Back to the most important element — water. There is really no perfect recipe when it comes to cooking rice. The standard measure when cooking long-grain white rice in the rice cooker is 1½ to 2 cups of water to 1 cup of rice. However, each type of rice requires a different amount of liquid due to different water absorption rates, so falling back to the cooking directions on the rice package or rice cooker might be a best bet.

For instance, the medium- or short-grain variety of white rice may require less water than long grain, with the short-grain variety possibly requiring just up to 1 cup of water to 1 cup rice. As a general rule, you can reduce the amount of water used for long grain by ¼ to ½ cup per cup of rice when cooking medium or short grain. As already mentioned, whole-grain rice such as brown rice requires more water (2½ to 3 cups water to 1 cup of rice) and about a 60 to 70 percent longer cooking time than white rice.

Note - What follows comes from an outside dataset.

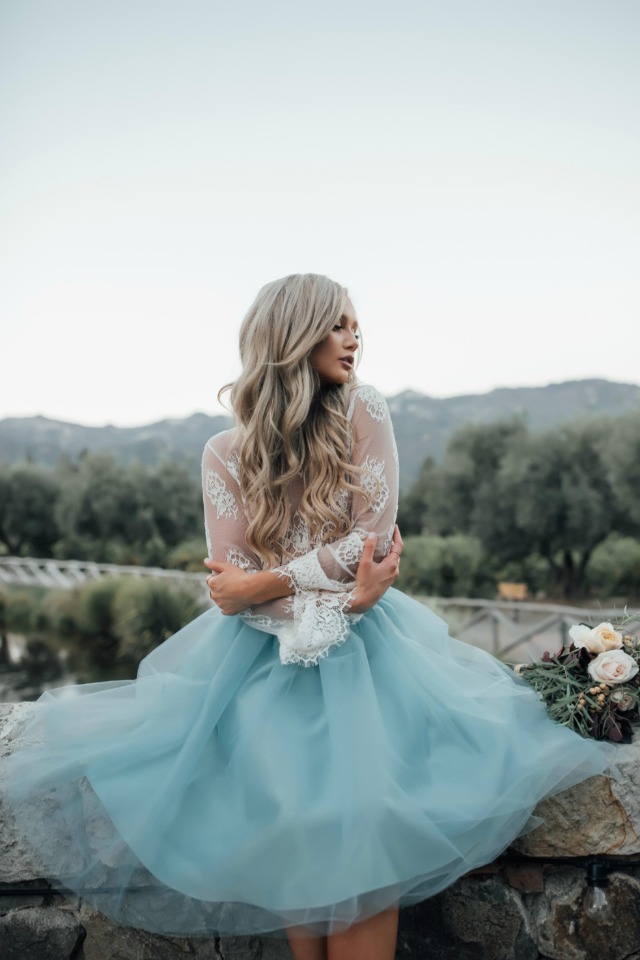 Woman in light blue tulle skirt and lace top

Do not lift the lid to check on the rice when it is cooking. The cooking process depends on the development of steam inside the pot, so allowing the steam to escape by opening the lid may result in improperly cooked rice.

Instead of measuring with “cups,” there are also graduated marks on the inside of many rice cookers indicating how much rice and water should be added. As these measures can never be accurate enough, there are also the popular “orthodox” (or rather, “unorthodox”) ways of measuring the amount of water required for white rice: the 1-segment finger rule, the knuckle rule, the palm rule, or whatever you call it.

For example, in the 1-segment finger rule, you measure rice into the pot, add what seems to be enough water, and place your pointer (or index) finger at the top of the rice. The water should just cover the first segment (crease) of your pointer finger. Accurate? Not exactly. Rather, these “rules of thumb” can be used as a guide to counter-check the amount of water used when cooking rice.

Ultimately, it will still depend on the kind of rice you are cooking, the equipment you are using, and simply, how you prefer your rice.